It's a change that may spark privacy concerns for some users.
Google introduced the latest version of its popular browser, Chrome 69, but with a privacy hiccup.
The browser now automatically logs users in whenever they access a Google-owned site, ZDnet reports. The tech giant did not advertise this new function to users.
Google engineer Adrienne Porter Felt said that this automatic sign-in function does not automatically upload data:
Hi all, I want to share more info about recent changes to Chrome sign-in. Chrome desktop now tells you that you're "signed in" whenever you're signed in to a Google website. This does NOT mean that Chrome is automatically sending your browsing history to your Google account! 1/— Adrienne Porter Felt (@__apf__) September 24, 2018
Felt explained the reason Google included the function was included to prevent mix-ups for those who share computers and browsers with other users. Felt said that user data won't be uploaded unless they turn on Sync, which is the system that connects a user's Google account to the browser, allowing them to upload passwords and history to Google servers.

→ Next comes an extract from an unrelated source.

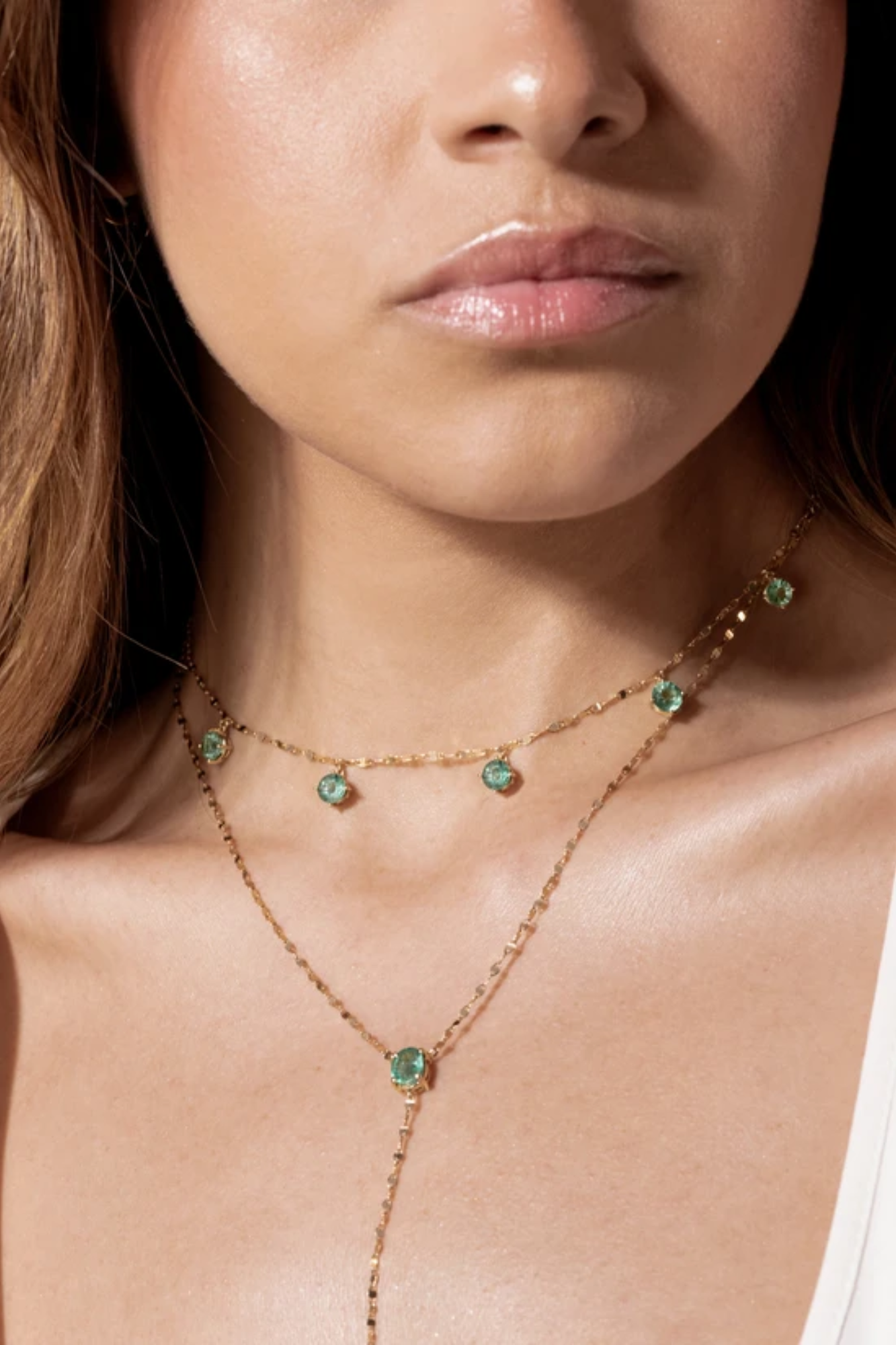 COLAR SHINY ESMERALDA DOTS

Sync is not turned on unless you later turn it on.— Adrienne Porter Felt (@__apf__) September 22, 2018
Sync has been around for several years, so most Chrome users are familiar with it. But many of these users still might prefer to log in to Chrome manually or at least make the conscious decision not to log in to Chrome at all.
While this concern around this new browser feature might be minor, tech users are increasingly concerned with privacy. Google has also recently missed the privacy mark when it comes to email and location tracking.